Make the cheese mixture: In a medium bowl, combine ricotta, heavy cream, and 1 clove grated garlic. Season with salt and pepper and set aside.
Prepare the pasta: Heat oven to 425°F (218°C) and place a large pot of salted water to boil on the stove. Cook pasta until it’s nearly al dente and drain. Return pasta to pot and add two cups sauce, tossing to make sure the sauce gets in all the nooks and crannies and is nicely coated.
When assembling, try not to fuss too much over the measurements, but be mindful that you always want to end with a good amount of cheese and sauce on the top to give you a bubbly, browned top.
Spoon a bit of the remaining sauce in the bottom of a 3-quart (3-L) baking dish, then add ⅓ of the pasta. Spoon a little sauce on top, then dollop with ricotta and dot with mozzarella. Grate parmesan on top. Add another ⅓ of the pasta, followed by more sauce, more ricotta, mozzarella and parmesan. Add the rest of the pasta, more sauce, the rest of the ricotta, mozzarella, another good grating of parm and some pepper (there’s a good chance you’ll have some pasta sauce left over– refrigerate or freeze for another time).
Place the baking dish on a foil-lined sheet pan and loosely cover the baking dish with foil.

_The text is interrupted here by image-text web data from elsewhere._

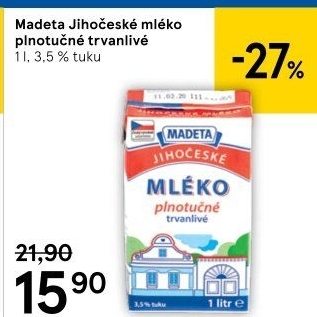 Mléko trvanlivé Jihočeské Madeta - 3,5% plnotučné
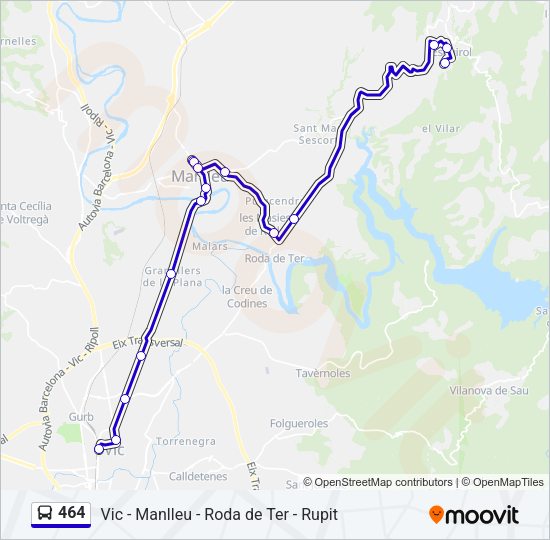 Mapa de 464 de autobús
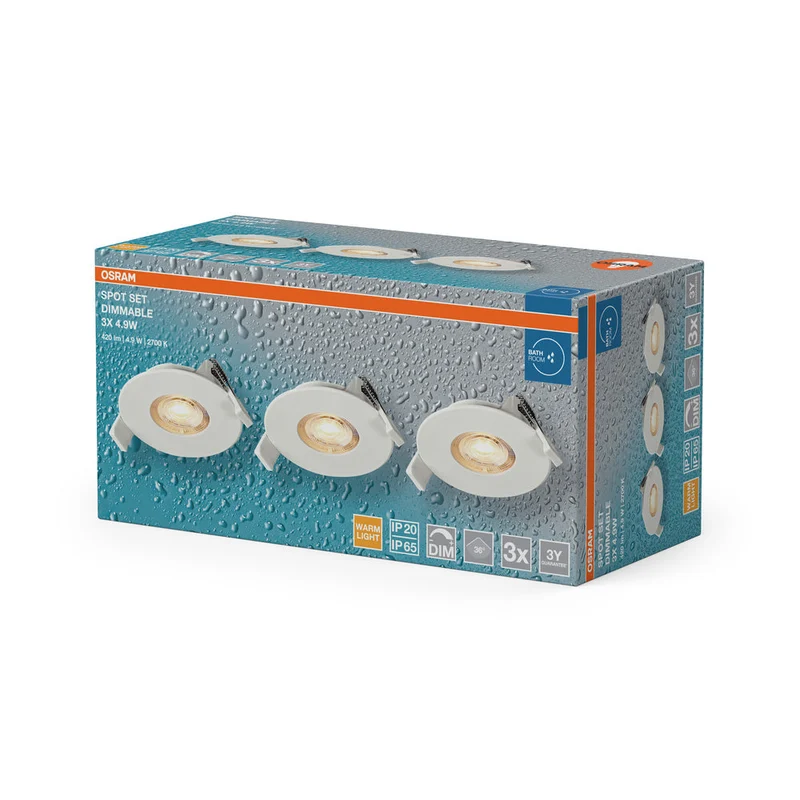 OSRAM Spot LED encastrable salle de bain DIM IP65 4,9W 36° blanc ⌀68 mm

Place in the oven and bake for about 20 minutes before removing the foil and continuing to bake until it’s nicely browned and bubbling, another 20-ish minutes. Let cool at least 5 minutes or so before eating– it will stay very hot for a while, so don’t worry. Serves 6-8. The sauce can be made 5 days ahead, refrigerated and can be frozen for up to two months. The baked pasta can be assembled and baked several days ahead, kept wrapped and refrigerated. To reheat from cold, simply bake per the instructions above. It can also be assembled and frozen up to two months ahead– to reheat from frozen, keep wrapped in foil and bake at 325°F (162°C) until totally defrosted and bubbly (60-ish minutes), remove foil, increase temperature to 425°F (218°C) and bake until golden brown, 20 minutes or so.